The present invention exhibits high effectiveness as a technique for optimizing the process of hydrolyzing to a monosaccharide according to the characteristics of the polysaccharide.
In addition, when considering using multiple herbaceous biomass raw materials and food wastes with seasonality, it is possible to propose a highly versatile comprehensive saccharification system that can cope with changes in raw materials.
Furthermore, in the present invention, a mild reaction using dilute sulfuric acid and a saccharide hydrolase is assumed.

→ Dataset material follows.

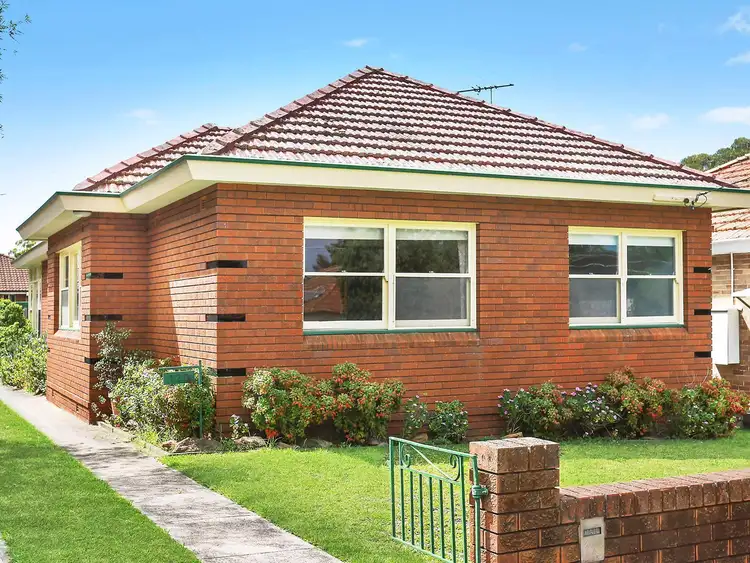 Main view of Homely house listing, 120 George Street, South Hurstville NSW 2221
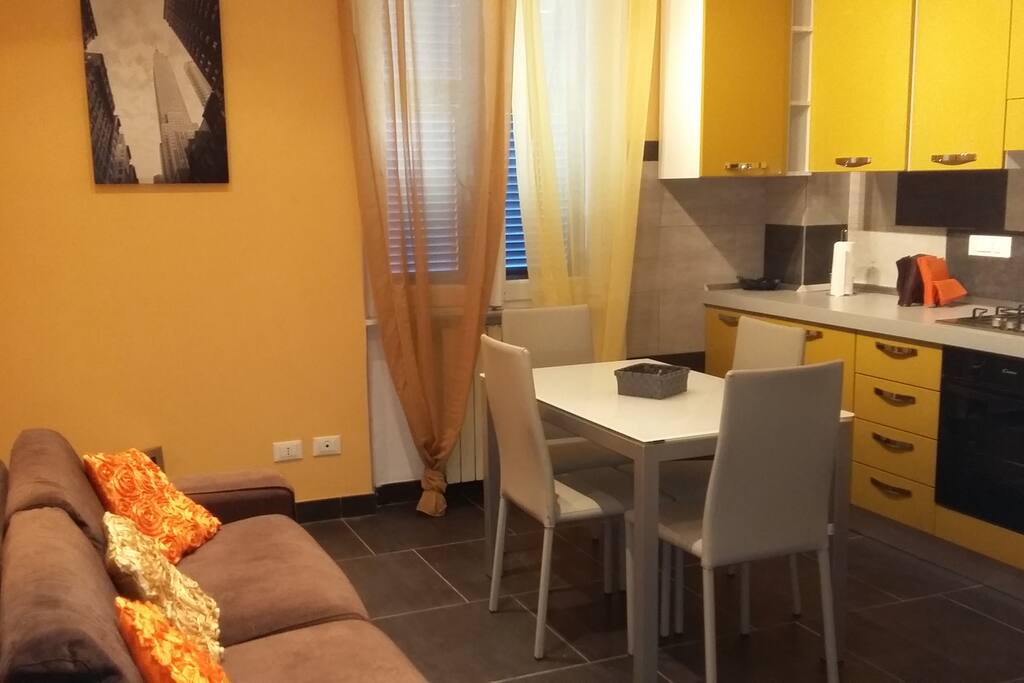 Zona living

When considering the use of by-products and waste treatment, the environmental impact is low and the acceptability is high. -It is expected that a processing method can be provided.
Since saccharification products are finally produced under mildly acidic to neutral pH conditions, they can be converted into useful substances such as ethanol through fermentation processes using known hexose, pentose or uronic acid as raw materials. It becomes.

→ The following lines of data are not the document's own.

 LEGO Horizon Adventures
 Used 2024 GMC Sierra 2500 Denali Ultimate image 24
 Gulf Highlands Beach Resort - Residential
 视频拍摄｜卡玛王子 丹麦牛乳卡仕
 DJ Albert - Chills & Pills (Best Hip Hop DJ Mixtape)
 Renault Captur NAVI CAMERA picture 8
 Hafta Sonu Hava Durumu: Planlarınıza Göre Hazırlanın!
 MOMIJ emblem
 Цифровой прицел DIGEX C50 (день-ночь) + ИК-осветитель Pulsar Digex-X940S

The present invention is expected to develop a regional energy production process and biorefinery process with mild reaction conditions.

Claims (3)

To a biomass containing cellulose and other polysaccharides, a sulfuric acid aqueous solution having a sulfuric acid concentration of 0.1 wt% or more and 5 wt% or less is added, hydrolyzed at 80 ° C or more and 150 ° C or less for 1 minute to 3 hours, and then solid-liquid separated. A biomass saccharification method comprising a series of steps in which a liquid fraction containing a free oligosaccharide is subjected to enzyme hydrolysis after contacting with an enzyme-immobilized product after pH adjustment. The saccharide remaining in the insoluble fraction is solubilized with the hydrolyzate according to claim 1 by dissolving cellulose in a sulfuric acid aqueous solution having a sulfuric acid concentration of 65 wt% or more as a partial decomposition product, and then separating the sulfuric acid aqueous solution and the cellulose partial decomposition product. The biomass saccharification method comprising a series of steps of hydrolyzing and saccharifying the separated cellulose partial decomposition product containing dilute sulfuric acid with dilute sulfuric acid. The step of using the solution of the partial decomposition product of cellulose remaining in the dilute sulfuric acid separated in claim 2 as at least a part of the dilute sulfuric acid supply source in the dilute sulfuric acid hydrolysis according to claim 1, Biomass saccharification method.